Since 2003, spending on incarceration has continued to grow, while crime rates have stopped declining, he said. Now, one of every 100 adult Americans is incarcerated— the highest incarceration rate in the world, he said.
As evidence of how DOJ will implement a data-driven approach, he noted that federal prisoners who go through a drug treatment program are 16 percent less likely to be arrested and returned to prison. Those who work in prison industries are 24 percent less likely to commit a crime again. Those who go through prison education programs are 16 percent less likely to be arrested again, he said.
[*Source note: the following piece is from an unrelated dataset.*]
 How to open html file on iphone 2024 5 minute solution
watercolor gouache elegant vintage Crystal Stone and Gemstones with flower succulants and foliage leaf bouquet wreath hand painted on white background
Most crimes are committed by people who have already committed crime, he noted. More than 65 percent of former state prisoners and 40 percent of former federal prisoners are rearrested within three years of their release, he said.
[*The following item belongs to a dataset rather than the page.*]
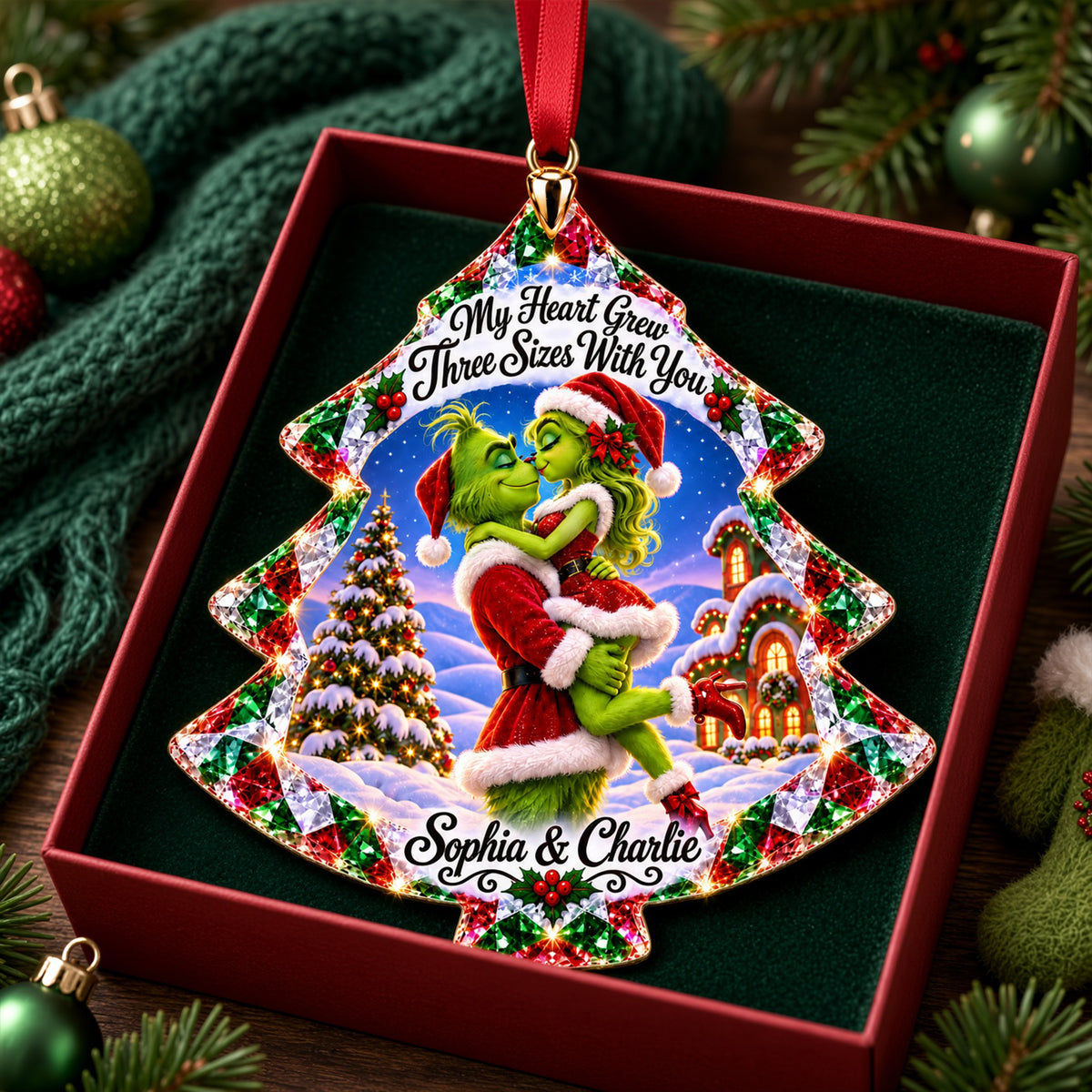 Romantic Couple Christmas Ornament - Personalized Gifts For Couple 01tylu101026-Homacus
“Even a modest reduction in recidivism would prevent thousands of crimes,” Holder said.
He also promoted more drug courts that push defendants into treatment, rather than prison. “These programs give no one a free pass,” he said. New York state has been a leader on drug courts. In that state, the prison population has dropped by 12,000 inmates since 1999, even while the overall crime rate has declined 27 percent, he said.
In the only section of the speech that was interrupted by applause, he also called on more spending for indigent defense counsel, noting only 3 percent of all criminal justice spending goes toward lawyers for the very poor. Better representation at trial can reduce spending on years of appeals, he said.
“It’s time to move past politics and ideology,” Holder said, “and move forward to a criminal justice system that is fair and effective.”